I have been meaning to write for a while now, however, I just couldn't find the words. April was a difficult month for me on this autism journey. April is autism awareness month. Honestly, I am glad that April has gone. The past couple of years I have always been so excited for April to come. It was our month to embrace autism, celebrate autism, and work hard to spread awareness. I had different feelings this year. I'm not sure why. When I dig deep down I find my answer. The answer that I hate to say out loud. My son has autism, and some days are just so damn difficult. His autism is not going away like I wish it would. He is getting older, and his autistic stereotypical behaviors are not 'cute' anymore. His behaviors cause people to stare. I'm actually getting used to the stares now. I took Gavin to the grocery store recently. He was so overstimulated. He ran all over the store, flapping, jumping, laughing, throwing everything he loves into the carriage, and even running away from me. I kept my composure. He was so happy. I could see the stares. I could feel them. Then I thought to myself, keep staring people. It's only then will you really see my beloved Gavin. He is special and one of a kind. He has autism and will teach you a few things.
We had a very successful G-Man Foundation 5K race in April. There is a lot of planning that goes on to help make this event successful. Thank you to our race director, Kathy Marandola, for her hard work and dedication. I would also like to thank all the volunteers, the runners, the walkers, and the sponsors. Together we are working hard to make a difference.
I think after the race is when I hit my low. It was like this autism cloud stopped over me and stayed there for a while. I cursed it many days and asked it to leave, however, it just wouldn't listen. This autism cloud made me question myself. It clogged my vision, and stopped me from writing. It made me want to escape. I really don't think I could put into words how I felt this past month. I hid my tears and sadness. I put a smile on my face and faced each new day. Most days I wanted to cry my eyes out. Cry over a life I thought I was going to have. Cry for my days before autism. Cry for a do over. Cry, cry, cry! Then I would begin to feel guilty. Guilty that I even felt this way.
When May 1st came, I felt a sense of relief. I made it through a difficult month. This is my life now. A life of ups and downs. A life of success and defeat. A life with good months and bad months. I am beginning to learn to accept the bad with the good. The month of April brought many tears. Goodbye April. Hello May! I'm working hard to get out of my autism funk and push myself to move forward on this journey. I'm glad I find the strength to write and share my true feelings. I often find that after I finish a new blog entry many people will say to me, "Wow, I had no idea that was how you were feeling." Sometimes I will even receive an email from another autism parent who will write, "Thanks for putting into words exactly how I have felt."
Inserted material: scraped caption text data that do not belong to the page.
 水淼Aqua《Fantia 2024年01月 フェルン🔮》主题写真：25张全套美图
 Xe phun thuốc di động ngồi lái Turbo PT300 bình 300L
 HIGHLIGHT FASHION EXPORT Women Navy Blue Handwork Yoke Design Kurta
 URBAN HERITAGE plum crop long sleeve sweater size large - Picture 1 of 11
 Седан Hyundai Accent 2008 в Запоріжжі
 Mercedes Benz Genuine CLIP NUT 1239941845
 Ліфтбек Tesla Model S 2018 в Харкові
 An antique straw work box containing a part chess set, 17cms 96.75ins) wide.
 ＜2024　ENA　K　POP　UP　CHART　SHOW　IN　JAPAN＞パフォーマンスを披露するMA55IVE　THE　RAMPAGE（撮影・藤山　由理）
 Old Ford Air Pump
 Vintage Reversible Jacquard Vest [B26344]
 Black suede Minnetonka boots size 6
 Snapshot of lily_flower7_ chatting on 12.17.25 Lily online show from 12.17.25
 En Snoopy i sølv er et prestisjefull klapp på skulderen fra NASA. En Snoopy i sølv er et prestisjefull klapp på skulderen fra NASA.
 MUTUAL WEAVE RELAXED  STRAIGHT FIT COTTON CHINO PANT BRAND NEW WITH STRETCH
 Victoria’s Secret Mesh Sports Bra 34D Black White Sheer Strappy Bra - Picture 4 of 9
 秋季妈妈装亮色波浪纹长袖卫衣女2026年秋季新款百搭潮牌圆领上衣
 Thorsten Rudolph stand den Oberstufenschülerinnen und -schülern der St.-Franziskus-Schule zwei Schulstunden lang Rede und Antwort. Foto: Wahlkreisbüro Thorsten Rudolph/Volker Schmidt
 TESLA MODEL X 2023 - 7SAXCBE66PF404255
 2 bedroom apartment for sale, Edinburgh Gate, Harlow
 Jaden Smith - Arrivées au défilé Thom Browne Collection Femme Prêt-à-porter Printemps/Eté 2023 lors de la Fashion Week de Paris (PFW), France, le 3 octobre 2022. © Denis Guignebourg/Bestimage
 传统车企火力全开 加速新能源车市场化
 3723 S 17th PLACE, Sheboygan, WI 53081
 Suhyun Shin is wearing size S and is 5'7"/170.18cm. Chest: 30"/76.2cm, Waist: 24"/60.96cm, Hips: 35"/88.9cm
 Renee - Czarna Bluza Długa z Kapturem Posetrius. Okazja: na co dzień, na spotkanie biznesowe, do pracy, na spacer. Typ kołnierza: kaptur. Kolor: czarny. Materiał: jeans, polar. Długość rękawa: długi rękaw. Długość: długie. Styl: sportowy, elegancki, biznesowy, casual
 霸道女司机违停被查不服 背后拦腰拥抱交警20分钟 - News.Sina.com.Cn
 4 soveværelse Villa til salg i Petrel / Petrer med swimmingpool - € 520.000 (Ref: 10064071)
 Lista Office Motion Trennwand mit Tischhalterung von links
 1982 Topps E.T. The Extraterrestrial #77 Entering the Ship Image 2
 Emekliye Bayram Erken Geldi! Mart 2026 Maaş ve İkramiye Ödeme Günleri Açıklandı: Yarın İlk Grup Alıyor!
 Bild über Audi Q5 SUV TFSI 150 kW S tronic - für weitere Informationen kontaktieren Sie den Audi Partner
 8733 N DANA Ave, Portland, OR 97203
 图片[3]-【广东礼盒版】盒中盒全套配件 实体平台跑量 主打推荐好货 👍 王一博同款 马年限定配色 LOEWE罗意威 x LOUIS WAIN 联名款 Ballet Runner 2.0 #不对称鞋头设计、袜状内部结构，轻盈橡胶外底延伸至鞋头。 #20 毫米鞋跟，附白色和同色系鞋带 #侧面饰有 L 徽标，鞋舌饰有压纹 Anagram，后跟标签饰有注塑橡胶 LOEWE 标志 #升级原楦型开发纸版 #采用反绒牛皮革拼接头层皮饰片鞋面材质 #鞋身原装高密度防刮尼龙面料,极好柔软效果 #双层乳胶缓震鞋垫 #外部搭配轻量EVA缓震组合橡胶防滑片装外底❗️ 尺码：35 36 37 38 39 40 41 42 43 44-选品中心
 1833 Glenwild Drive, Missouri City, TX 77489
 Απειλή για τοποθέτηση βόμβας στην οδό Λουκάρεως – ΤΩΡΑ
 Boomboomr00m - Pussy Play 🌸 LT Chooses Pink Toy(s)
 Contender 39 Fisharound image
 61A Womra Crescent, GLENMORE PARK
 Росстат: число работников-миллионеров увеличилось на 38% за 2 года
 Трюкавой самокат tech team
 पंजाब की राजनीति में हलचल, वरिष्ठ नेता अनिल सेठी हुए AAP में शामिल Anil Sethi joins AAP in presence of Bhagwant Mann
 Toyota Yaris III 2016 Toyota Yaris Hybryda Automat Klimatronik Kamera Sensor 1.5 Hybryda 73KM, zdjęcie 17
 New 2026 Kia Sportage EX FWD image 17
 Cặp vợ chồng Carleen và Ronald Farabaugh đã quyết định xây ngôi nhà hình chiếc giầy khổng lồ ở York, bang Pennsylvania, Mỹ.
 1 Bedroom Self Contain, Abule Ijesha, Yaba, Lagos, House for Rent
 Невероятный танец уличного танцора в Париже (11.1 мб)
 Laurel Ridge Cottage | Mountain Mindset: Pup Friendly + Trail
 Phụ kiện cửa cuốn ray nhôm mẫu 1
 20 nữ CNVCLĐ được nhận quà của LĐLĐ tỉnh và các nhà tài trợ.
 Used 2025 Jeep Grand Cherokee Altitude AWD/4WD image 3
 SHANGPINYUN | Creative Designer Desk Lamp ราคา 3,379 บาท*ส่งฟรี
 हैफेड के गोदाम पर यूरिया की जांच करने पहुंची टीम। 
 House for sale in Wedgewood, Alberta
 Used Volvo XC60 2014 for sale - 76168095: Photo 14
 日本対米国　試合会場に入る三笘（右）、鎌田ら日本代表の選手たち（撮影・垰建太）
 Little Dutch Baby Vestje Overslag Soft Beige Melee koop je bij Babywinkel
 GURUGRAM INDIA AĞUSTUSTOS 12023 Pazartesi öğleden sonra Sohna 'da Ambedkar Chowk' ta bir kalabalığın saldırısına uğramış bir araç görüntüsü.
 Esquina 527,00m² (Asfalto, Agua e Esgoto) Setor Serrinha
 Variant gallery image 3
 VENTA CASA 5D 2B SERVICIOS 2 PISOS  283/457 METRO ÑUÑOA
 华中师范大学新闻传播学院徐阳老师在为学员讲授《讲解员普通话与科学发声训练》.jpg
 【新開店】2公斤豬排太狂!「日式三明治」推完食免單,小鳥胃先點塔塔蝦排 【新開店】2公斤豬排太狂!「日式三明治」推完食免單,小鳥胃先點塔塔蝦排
Lastly, I would like to take a minute to wish all moms a very happy Mother's Day! I send an extra special wish to all the special moms out there. The special moms who have special children, or who have faced the unimaginable and have lost their child. Autism has taught me many things......Mother's Day is not about the gifts. It's not about the fancy restaurants. For me it's about celebrating my children. I took some time out of my day and laughed with them, gave them an extra hug and kiss. I also laced up my running shoes this morning and ran. I ran well over three miles in complete silence. I dedicated my silent run to all the moms out there who will never get to hear their child's voice again. Who will never get to hug or kiss their child again. My life completely changed when I became a mother. Motherhood taught me what unconditional love is. My life completely changed again when I became a mother of a child with autism. Autism taught me to not take life for granted because in a blink of an eye everything can change. I look at things differently now. I appreciate different things. I cry often, and I laugh. I will continue to move forward even when autism makes me take a few steps back. I will continue to try to be the best mom possible to all three of my boys. I will continue to find the positive in autism even when my vision is clouded with the negatives. Most of all, I vow to make a difference.